Disappearing Act, by James T. Sheridan
An all-star cast of Morgan Freeman, Michael Caine, Jesse Eisenberg, Woody Harrelson, Mark Ruffalo, Melanie Laurent, Dave Franco, and Common unite to make a film that is never greater than the sum of its parts. Louis Leterrier’s Now You See Me dazzles with its twists and turns, but it never fully worked or won me over. However, it is a fun time at the movies and refreshing in its storytelling.
Now You See Me genuinely would be fun to see again because once the big reveal happens, everything that came before it changes. That moment is quite fun, and the director plays fair by dropping clues into the film as he misdirects the audience. A swift series of opening scenes introduce everyone: J. Daniel Atlas (Jesse Eisenberg) doing card tricks on a Chicago street; Merritt McKinney, hypnotizing and hustling in Cafe Du Monde in New Orleans; Henley Reeves (Isla Fisher) escaping from chains inside a water tank; and Jack Wilder (Dave Franco), a street hustler on a ferry in New York City, offering to bend spoons for cash. When the team all receives a card from a shadowy figure representing “The Eye,” an association dedicated to the preservation of magic, they all converge on an apartment in Brooklyn. Cut to a title card that reads “One year later,” and they have combined to create a Las Vegas magic act called “The Four Horsemen” whose daring exploits lead to an audience member being plucked from the crowd, sent through time and space in a teleportation device, and a robbery of a bank in Paris. The robbery brings the heat down on the Horsemen in the form of Las Vegas police officer Dylan Rhodes (Mark Ruffalo) and Interpol agent Alma Dray (Melanie Laurent). An elaborate game of cat and mouse ensues, hop scotching from Las Vegas to New Orleans to New York City as arrogant millionaires, debunking journalists, and law enforcement try to catch the troupe.
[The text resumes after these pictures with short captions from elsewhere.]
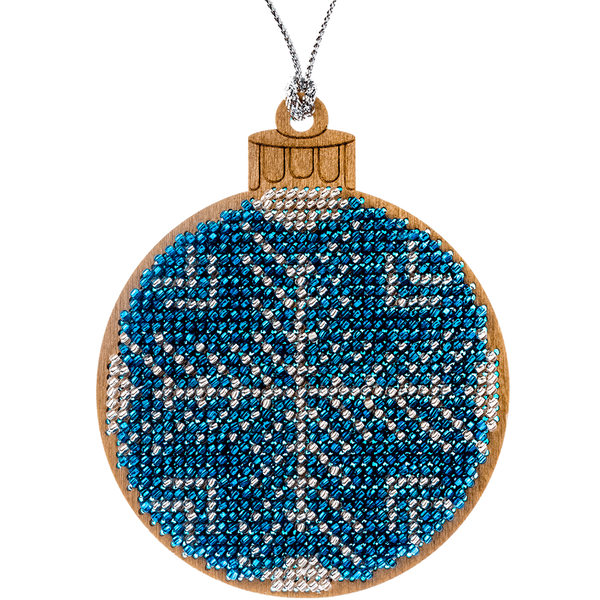 Wooden Bead Embroidery Kit – “Christmas Ornament – Ball” FLK-131 FLK-131 photo Wooden Bead Embroidery Kit – “Christmas Ornament – Ball” FLK-131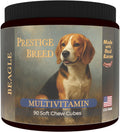 Prestige Breed Multivitamínico para Beagles, 90 comprimidos, con auténtico bacon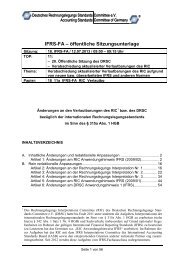 IFRS-FA – öffentliche Sitzungsunterlage - DRSC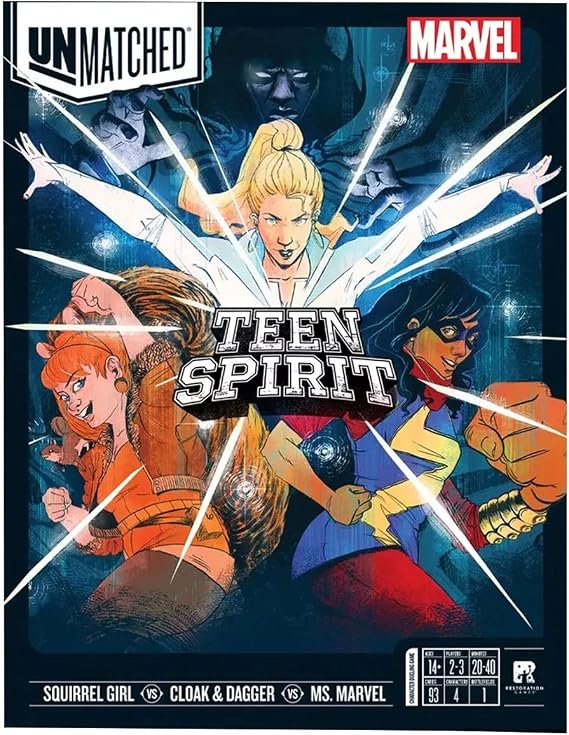 Unmatched: Marvel, Teen Spirit, Strategy Fighting Superhero Game for Family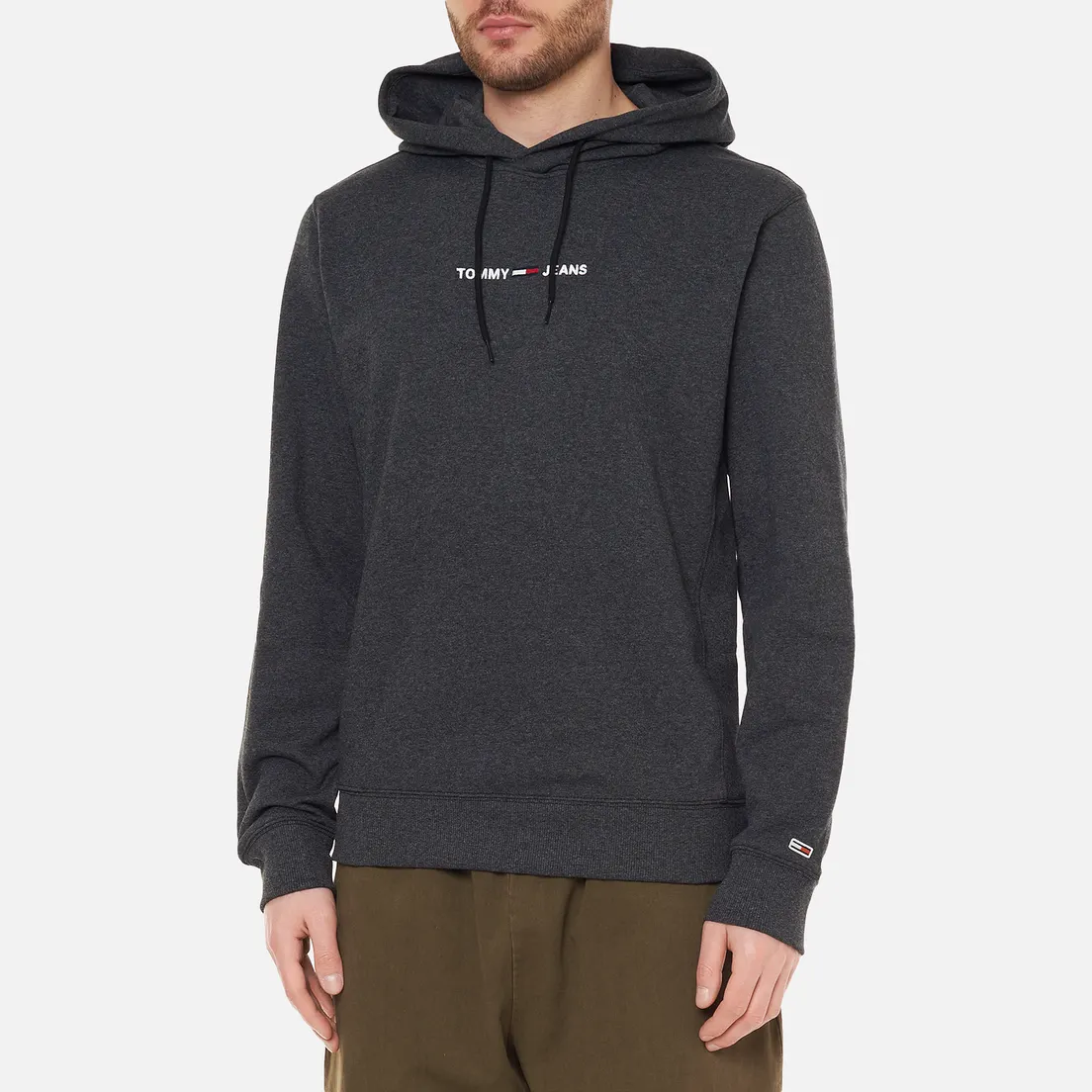 Tommy Jeans Мужская толстовка Straight Logo Hoodie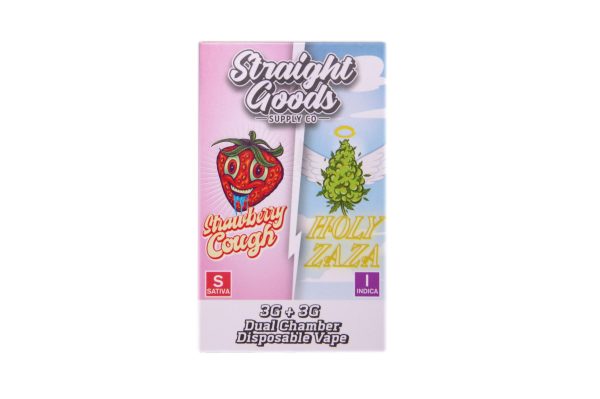 Buy Straight Goods – Dual Chamber Vape – Strawberry Cough + Holy Zaza (3G + 3G) online Canada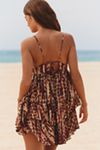 Celandine Shell Cutout Mini Babydoll Dress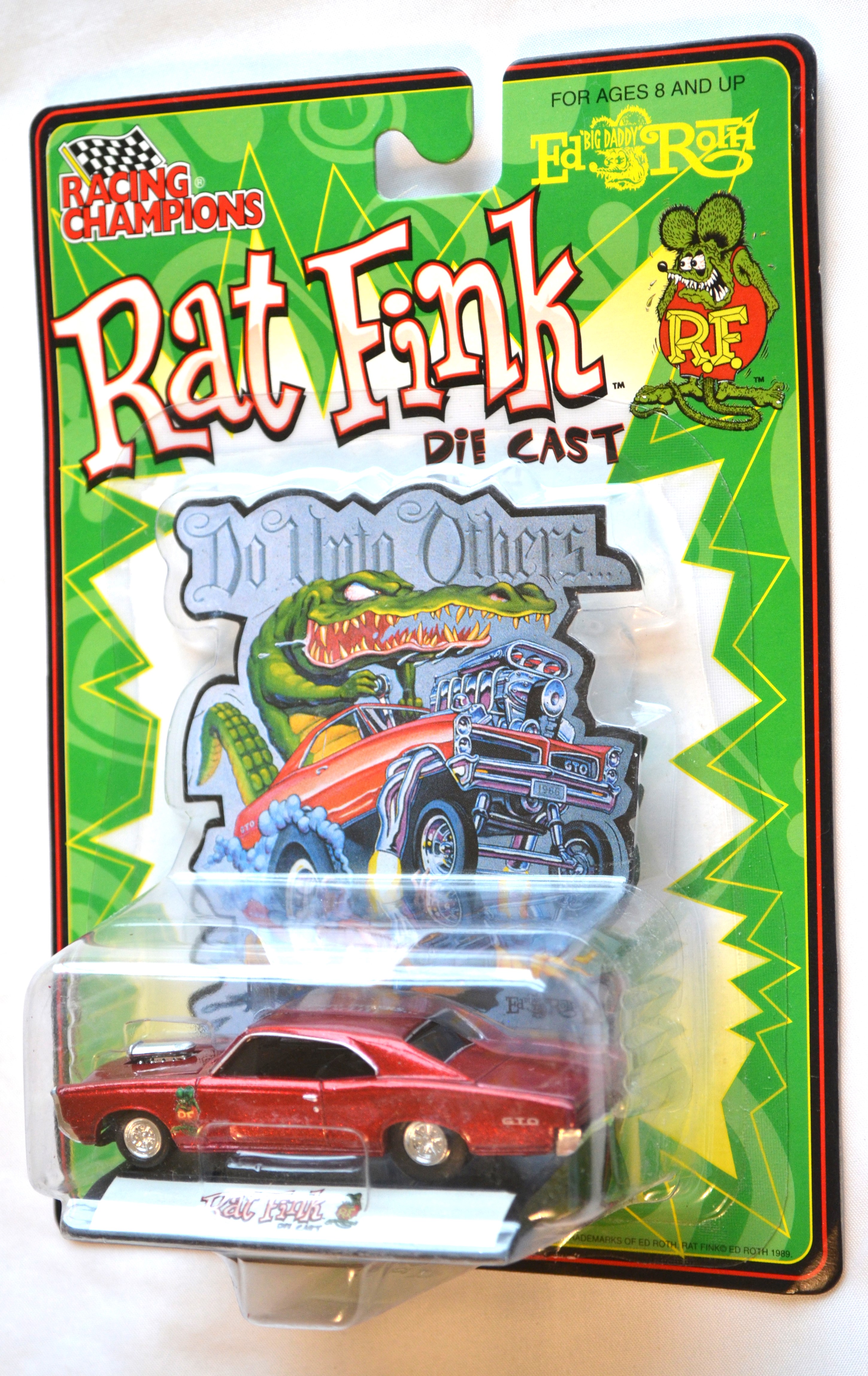 Racing Champions - RATFINK 66 GTO Do Unto Others met Red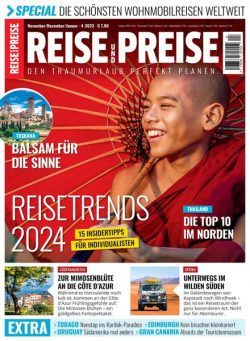 Reise & Preise – November-Dezember 2023 – Januar 2024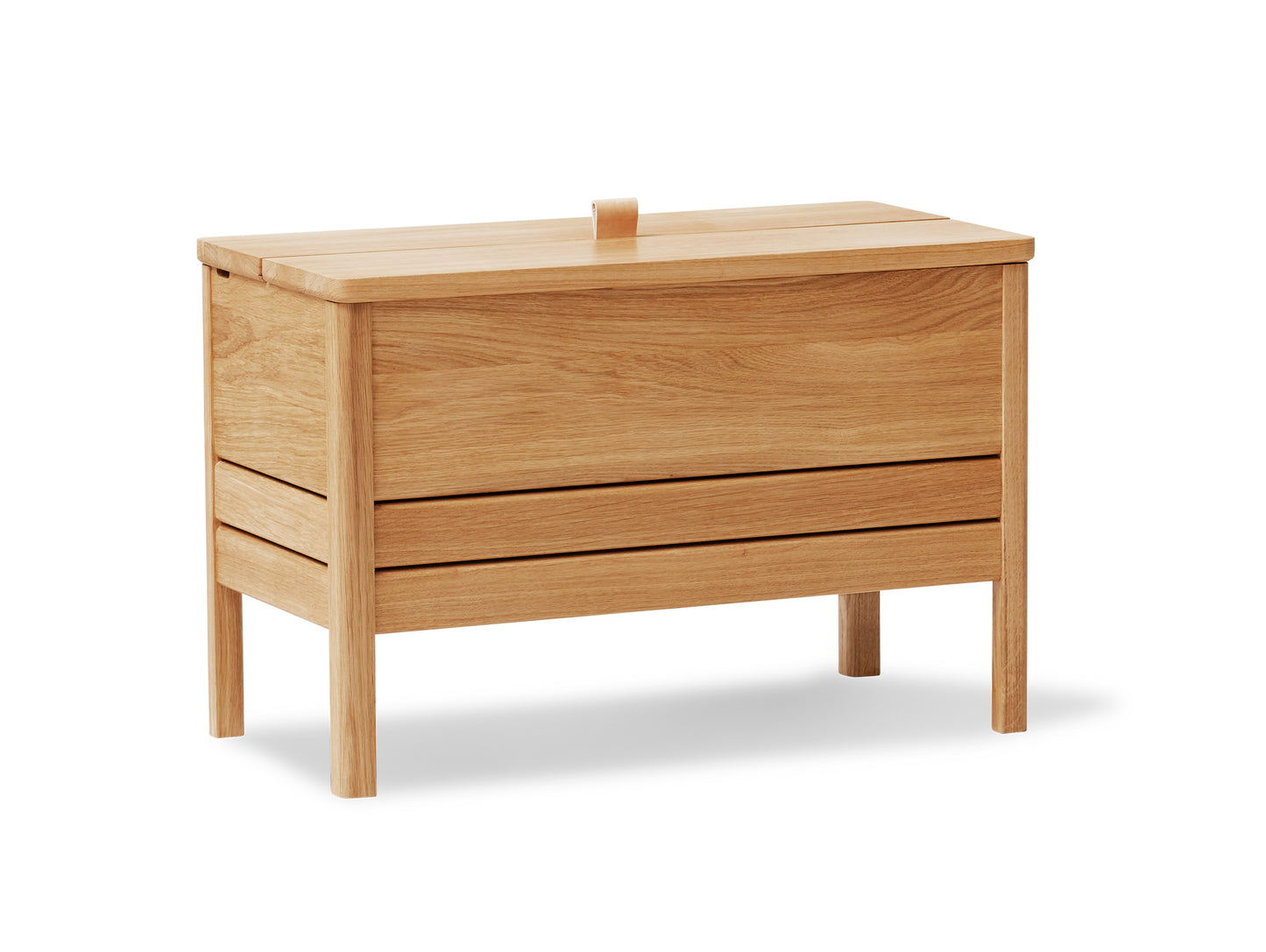 A Line Storage Bench - Oiled Oak - Form & Refine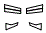 C-Pillar and B-Pillar Kit pattern for the 2026 Acura Integra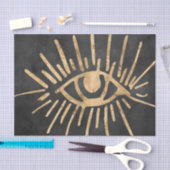 Goud allemaal met grijze oogkool, met zwarte pijn tissuepapier (Craft)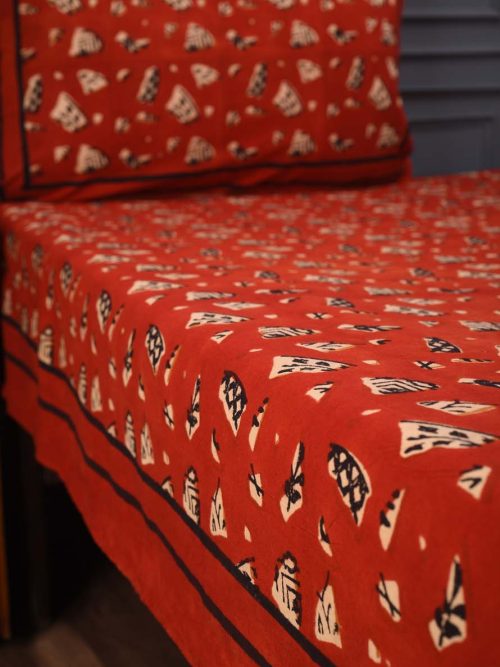 Hand Block Printed  Bed Cover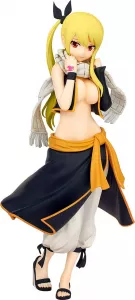 Fairy Tail Pop Up Parade PVC Statue Lucy Heartfilia Natsu Costume Ver. L Size 22 cm Good Smile Company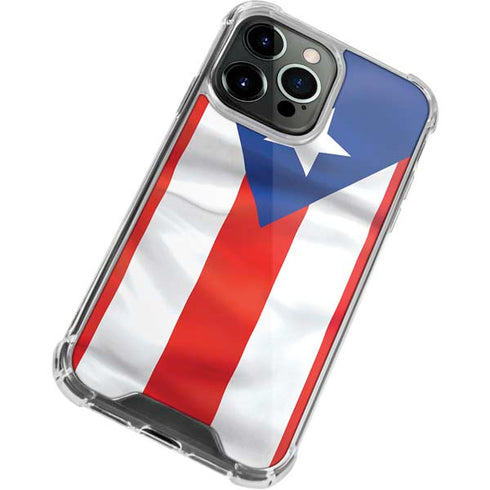Puerto Rico Flag iPhone 13 Pro Clear Case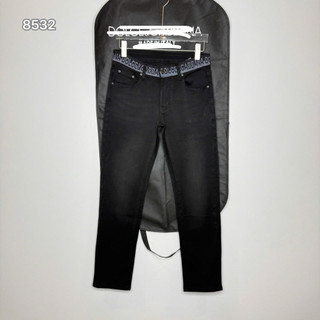 Quần Jean Nam đen trơn hoạ tiết túi Wash Slim Fit Co Giãn Thời Trang Trẻ Trung 8231 | Quần Jean Nam Đẹp Dáng Ôm Vừa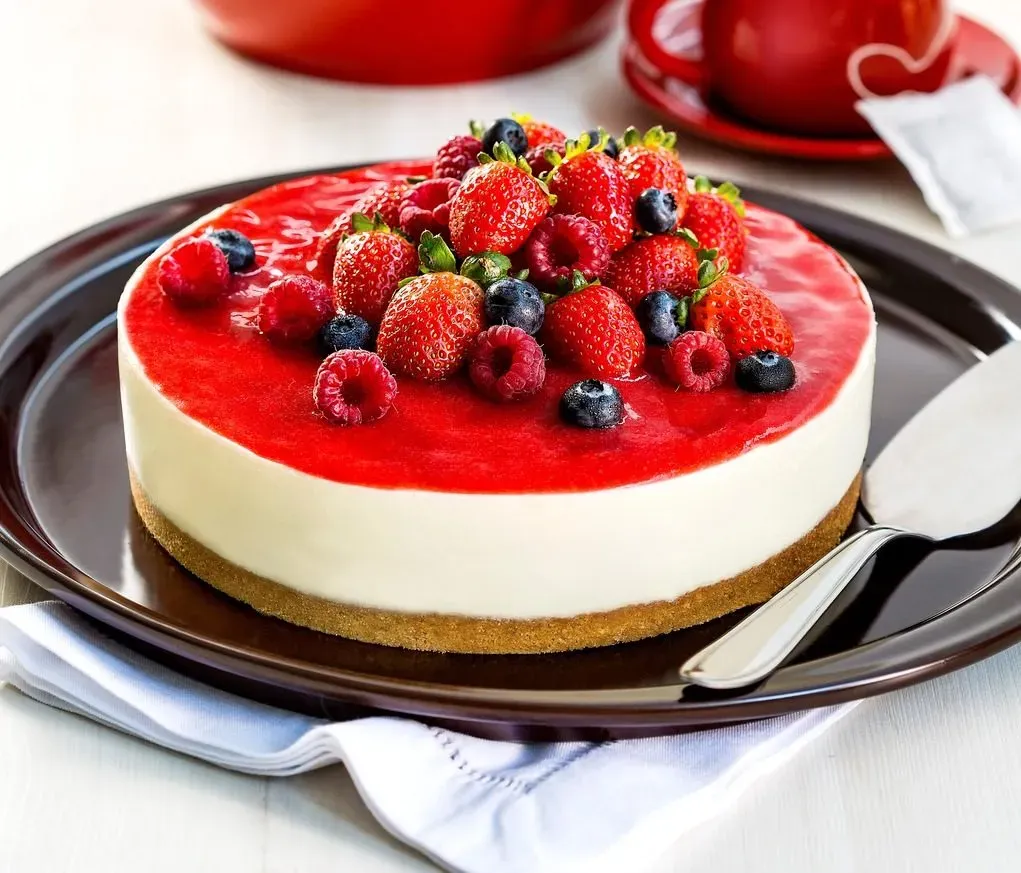 Easy & Delicious cheese cake de frutas vermelhas Recipe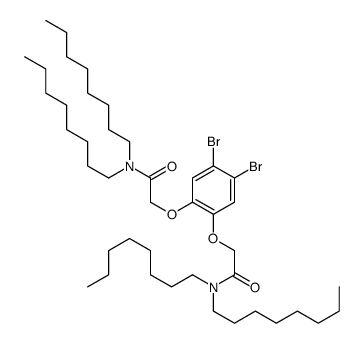 2-[4,5-dibromo-2-[2-(dioctylamino)-2-oxoethoxy]phenoxy]-N,N-dioctylacetamide结构式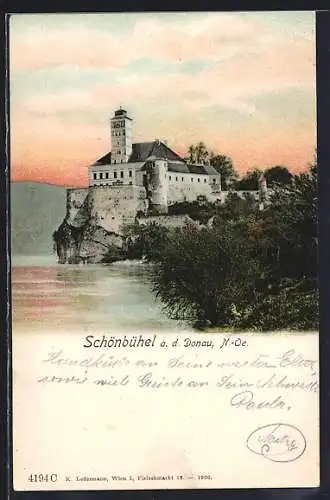 AK Schönbühel a. d. Donau, Gebäudeansicht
To say more would ruin the film. I think Now You See Me has the distinction of being more fun to think about than to watch. The twists are quite fun as the entire construction of the film makes everyone a potential “5th Horsemen.” However, the multiple elongated swirling camera movements around the characters grew tiresome and distracting as did some nonsensical CGI. A commitment to making the film about magicians, not killers, provides an exhilaration to the fight and chase scenes, as the goal is not to kill but to handcuff; this decision makes for a wonderful sequence where Dave Franco eludes capture in a small apartment through acrobatics and using a man’s suit coat to trap him. I like the reunion of Zombieland with Eisenberg and Harrelson because of their chemistry of mild insults toward each other, though I think for the second time this summer (The Great Gatsby being the first), Isla Fisher is given little do. I think the long sequences in a few locations works much better than taking on something much more elaborate. Production value is high, and the locations of Paris, Bourbon Street, and Las Vegas all shine.
I found myself wanting a film more focused on the magicians and less about the police chase. Mark Ruffalo and Melanie Laurent are fine, but their development as characters translates into less jabbing between Jesse Eisenberg and Woody Harrelson. Simply put, I think those actors needed more screen time to emerge into more than just character types and to build some kind of arc. You could do a lot worse than Now You See Me for a summer film, but the question remains: Was there another film, a better film that disappeared from view after the promising first twenty minutes?